Spanning Tree Protocol(s) Explained

Or, how I learned to stop worrying and love the BPDUs.

Spanning Tree Protocol, as mentioned previously, is a protocol used by switches to build out a loop-free logical topology of an Ethernet network. The protocol itself is built off of a concept called, well, a spanning tree.

How does this work? Well, that’s what I’m here to explain.

Spanning Trees

A spanning tree is a concept from graph theory, is, formally, a tree of an undirected graph which includes all of its vertices in the least number of edges possible. For, well, normal people, literally the first image off Wikipedia is a good visual example.

In this context, a spanning tree is a set of links present in the network that, when they are the only ones used, result in a network with no loops in it.

Spanning Tree Protocol (STP), The Original

STP (as a whole) starts with one switch, called the root bridge. A spanning tree is, well, a tree, and this defines the starting point. With STP, every switch is given an identifier, called the bridge ID. This ID is the concatenation of a priority value, and the switch’s MAC address. The default priority is 32768, and is only adjustable in multiples of 4096. The switch with the lowest ID (so, the switch with the most zeros in its MAC when converted to binary, unless someone made priority changes) in the network is the root bridge, and then the tree builds from there.

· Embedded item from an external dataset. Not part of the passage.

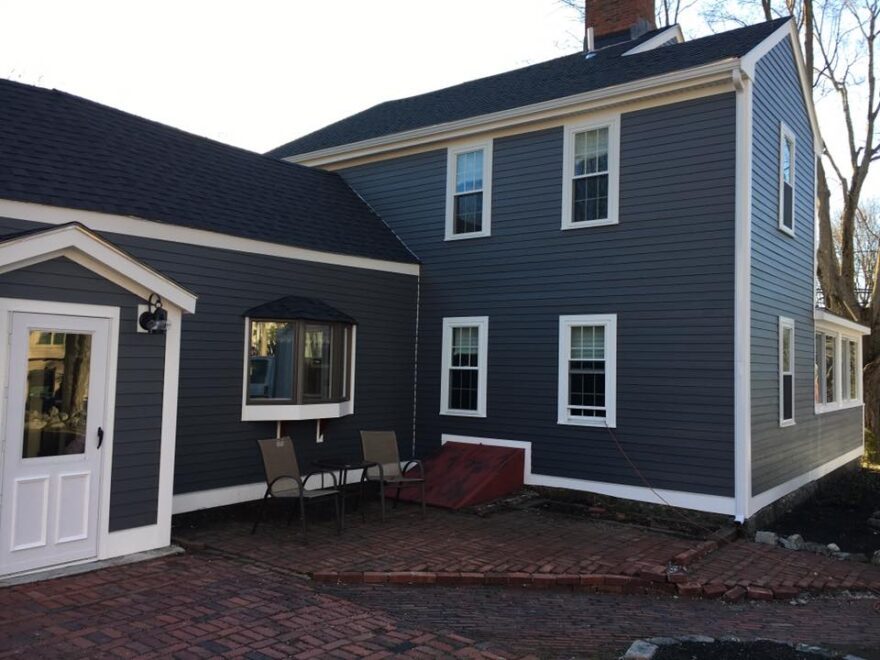 newly renovated house with blue exterior siding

Every port that’s connected is given a “cost”, which is $$1Gbis/s / port speed$$ in regular STP, meaning that switches that support higher standards like 10-gig can’t be accurately accounted for with STP.

With every port cost known, switches will then designate exactly one port as the root port, which is the port with the lowest total cost to the root bridge. When the tree is being built, every switch adds on the cost of its port to the cost it received, so it knows for every valid connection what the total cost through the entire path back to the root bridge is. Otherwise, valid links in the tree are called designated ports, and a link that would cause a loop if enabled is called a blocked port. Blocked ports are still utilized for switch to switch communication, in case that port is now required, but no normal network traffic is sent across one.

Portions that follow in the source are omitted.